Пан Ежи щелкнул каблуками со всей лихостью, какую
— Да, совсем забыл, — вспомнил король, исправляя черновик договора, — разгромив врагов своей Московии Годуновых, вы, сиятельный принц, должны будете уж и мне пособить добыть шведский престол.
— Ах, князь Дмитрий, я убежден, несмотря на молодость лет, блистательный полководец! — затрещал Мнишек, торопясь затушевать свое царапанье с королем. — Это юный великий стратег, настоящий русский богатырь, бескорыстный… и, как он мне признавался, сам мечтает повести полки соотечественников на Стокгольм.
Sancta Barbara
В два последние дня Страстной недели вельможные шляхтичи, действительные члены краковского братства Милосердия, обыкновенно надевали поверх своих ярких кафтанцев холщовые рубища и, горланя по всем улицам города, собирали милостыню и подношения. Хотело ли этим братство сказать, что в течение года так старательно тратилось на неимущих, что теперь самому уже впору садиться на паперть, или это был жест христианской морали, нисхождения до единения с бедным, но равным пред Богом себе человеком, — братство это едва ли само четко знало. Но уж так повелось.

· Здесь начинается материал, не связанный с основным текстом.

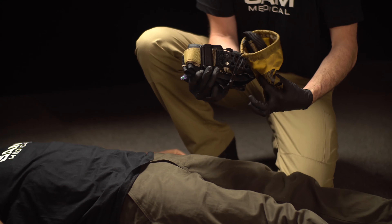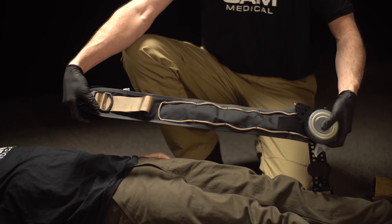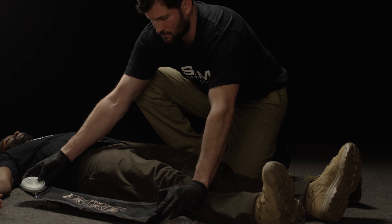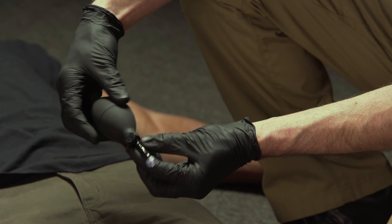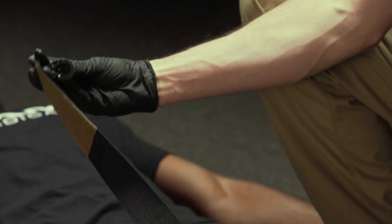A ruggedized belt that leverages patented SAM AutoStop buckle technology, an inflatable target compression device or TCD, a second TCD with an attached extender, a hand pump to inflate the TCDs, and an auxiliary strap to control junctional bleeds of the upper extremity.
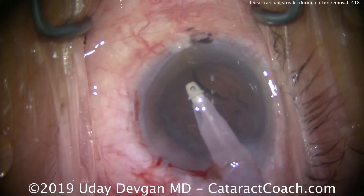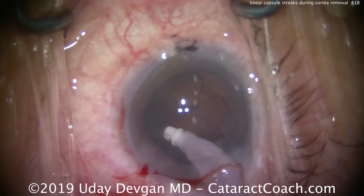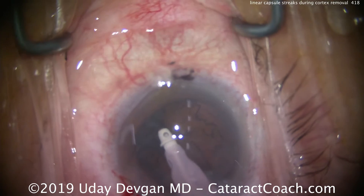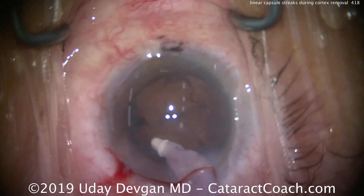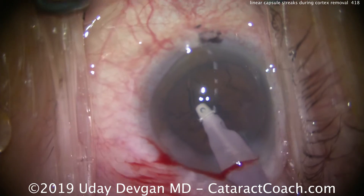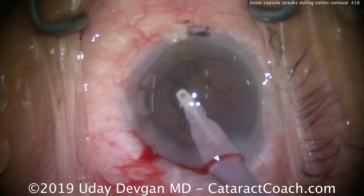We're on the lookout to make sure that the zonules hold up. We pull a little bit of cortex at a time, and that didn't want to come, so we put a little bit more here nice and gently, watching carefully, making sure the rhexis doesn't move, because that would indicate bad zonules. So far, so good. And as I start to pull on this cortex, something spooks me.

И семнадцатого апреля, в Страстную субботу, во дворец краковского воеводы Миколая Жебридовского вошел, оставив в парке перед крыльцом православную свиту, разодетый, оправленный в золото и бриллианты царевич, а с черного хода, чуть позже, скользнули в серых полотнах с пустыми переметными сумами двое нищих бродяг.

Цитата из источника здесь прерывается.